Ma, evidentemente, non bastò.
Poi, nella falange di Haftar, ci sono anche i salafiti madkhaliti, molto vicini all’Arabia Saudita.
Nascono dalla tradizione stabilita dallo Shaik Rabi’i al Madkhali, un sapiente coranico saudita che era tollerato, con i suoi piccoli gruppi, anche dallo stesso Gheddafi, che aveva pensato, soprattutto attraverso suo figlio Saif Al-Islam, di sedurre una parte dei jihadisti per legarli al suo regime e, magari, utilizzarli in seguito.
Come fanno tutti i paesi arabi e islamici dell’OPEC, comunque. Ogni Islam nazionale ha il suo jihad di servizio.
I Madkhali oggi, sostengono soprattutto Haftar, ma sono presenti anche nell’area tripolina e vengono percepiti dalla popolazione come “uomini puri” e capaci di sostegno ai poveri.
Come in tutto il nuovo Medio Oriente della globalizzazione occidentale (fallita) e di quella jihadista (ancora in corso) chi sostiene i poveri, che sono sempre in maggior numero ogni giorno che passa, ha la chiave della rappresentanza politica.
Sono stati utili anche per l’Isis, i Madkhali, ma la loro fisionomia teologica e politica è del tutto particolare.

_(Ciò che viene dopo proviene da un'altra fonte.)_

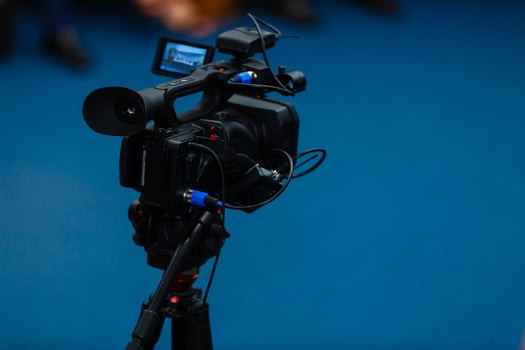 TV camera in a concert hall with laser lighting. Professional digital video camera. photo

E sono presenti sia nel GNA di Al Serraj che nelle forze dell’LNA di Khalifa Haftar.
Tra le varie organizzazioni militari, ci sono anche le kabile ciadiane e sudanesi. Che ora lavorano soprattutto per Haftar.
Poi le guardie, ma sarebbe bene utilizzare altre terminologie, dei pozzi petroliferi.
Che spesso hanno una loro autonomia ma, oggi, servono anch’esse soprattutto Haftar.
Nel caso di Al Serraj, sono le FF.AA. del Governo di Accordo Nazionale di Tripoli che comandano davvero sul campo, mentre Al Serraj dipende, anche per la sua sicurezza personale, da forze che aspettano solo il momento per presentargli il conto.
E’ ovvio che scegliere tra un nemico aperto e un amico debole è cosa difficile, che non è certo nelle corde della UE, che non conosce i detti del Machiavelli, e qui ricordo un vecchio detto poco meditato anche se famosissimo: “sendo adunque uno principe necessitato saper usare bene la bestia, debbe di quelle pigliare la golpe e il lione, perché il lione non si difende bene da’ lacci, la golpe non si difende da’ lupi. Bisogna adunque essere golpe a’ conoscere i lacci, e lione a’ sbigottire ‘e lupi”.
Gli europei, già li vedo, rimarranno a litigare sulle spoglie del loro fallimento globale nel Maghreb, mentre gli Usa sono sempre più lontani e disinteressati; e tutte le minacce non militari gli verranno addosso, agli europei, senza poterle parare: la migrazione di massa, il petrolio sempre più difficile, l’impossibilità di afferire all’Africa Subsahariana.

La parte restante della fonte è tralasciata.